Il soutient qu'il a transmis le 6 juin 2023 deux questions orales en vue du conseil municipal du 9 juin 2023 ; que le maire a refusé de le laisser poser ses deux questions en méconnaissance des dispositions de l'article L. 2121-19 du code général des collectivités territoriales et de celles de l'article 5 du règlement intérieur de la commune.
Par un mémoire en défense, enregistré le 18 novembre 2024, la commune de Savigny-sur-Orge conclut au rejet de la requête.
Elle soutient que :
- la requête est irrecevable en l'absence de décision faisant grief ;
- le moyen soulevé par M. Vagneux n'est pas fondé.
Vu les autres pièces du dossier ;
Vu :
- le code général des collectivités territoriales ;
- le code de justice administrative.
Les parties ont été régulièrement averties du jour de l'audience.
Ont été entendus au cours de l'audience publique :
- le rapport de Mme Sauvageot,
- les conclusions de Mme Winkopp-Toch, rapporteure publique,
- et les observations de M. Vagneux.
Deux notes en délibéré, présentées par M. Vagneux, ont été enregistrées le 20 janvier 2025 et n'ont pas été communiquées.

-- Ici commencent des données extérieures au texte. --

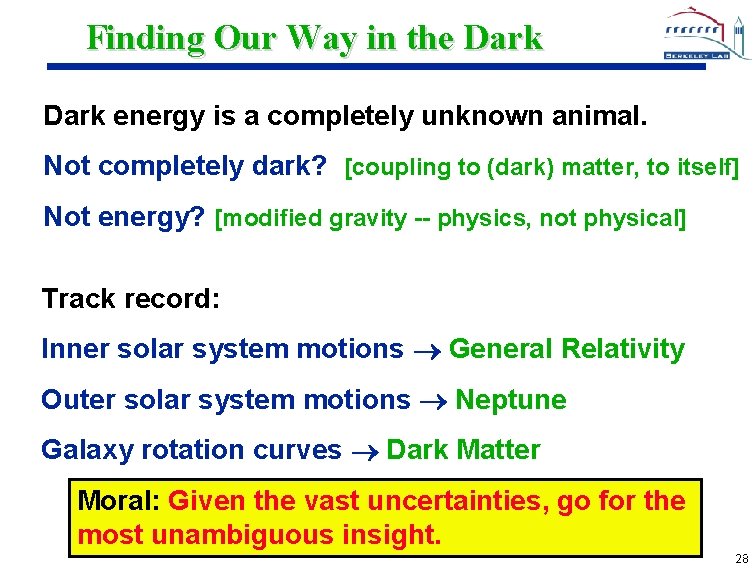 Finding Our Way in the Dark energy is a completely unknown animal. Not completely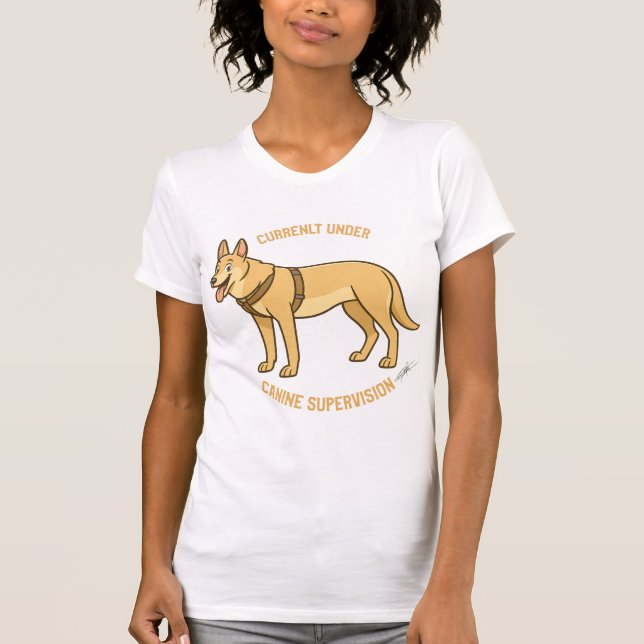 Currently under canine supervision T-Shirt (Vorderseite)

1. M. Vagneux, conseiller municipal de la commune de Savigny-sur-Orge demande au tribunal d'annuler la décision du 9 juin 2023 par laquelle le maire de la commune a refusé de le laisser poser ses questions orales au cours de la séance du conseil municipal du même jour.
Sur les conclusions à fin d'annulation :
2. Aux termes de l'article L. 2121-19 du code général des collectivités territoriales : " Les conseillers municipaux ont le droit d'exposer en séance du conseil des questions orales ayant trait aux affaires de la commune. Dans les communes de 1 000 habitants et plus, le règlement intérieur fixe la fréquence ainsi que les règles de présentation et d'examen de ces questions. A défaut de règlement intérieur, celles-ci sont fixées par une délibération du conseil municipal ". Aux termes de l'article 5 du règlement intérieur du conseil municipal de Savigny-sur-Orge : " Les conseillers municipaux ont le droit d'exposer en séance du Conseil municipal des questions orales ayant trait aux affaires de la Commune dans les conditions fixées au présent article. Ces questions orales portent sur des sujets d'intérêt général et sont traitées en fin de séance. Les questions orales ne doivent pas excéder deux minutes. Elles ne peuvent être suivies ni d'un débat sur le thème abordé, ni d'un vote de quelque nature que ce soit. Chaque groupe politique bénéficie de la possibilité de poser quatre questions orales par séance du conseil. Il appartient à chaque groupe de réguler le choix des questions. Chaque élu municipal non-inscrit dans un groupe bénéficie de la possibilité de poser deux questions orales par séance du conseil. Le maire ou l'adjoint délégué répond aux questions posées par les conseillers municipaux. Les questions et les réponses sont portées au procès-verbal. Le texte de chaque question orale devra être transmis au secrétariat général à l'adresse suivante : secretariatgeneral@savigny.org, au plus tard deux jours avant la séance du conseil. Si l'importance, le nombre ou la nature des questions le justifie, le maire peut décider d'apporter sa réponse lors de la séance suivante du conseil municipal ".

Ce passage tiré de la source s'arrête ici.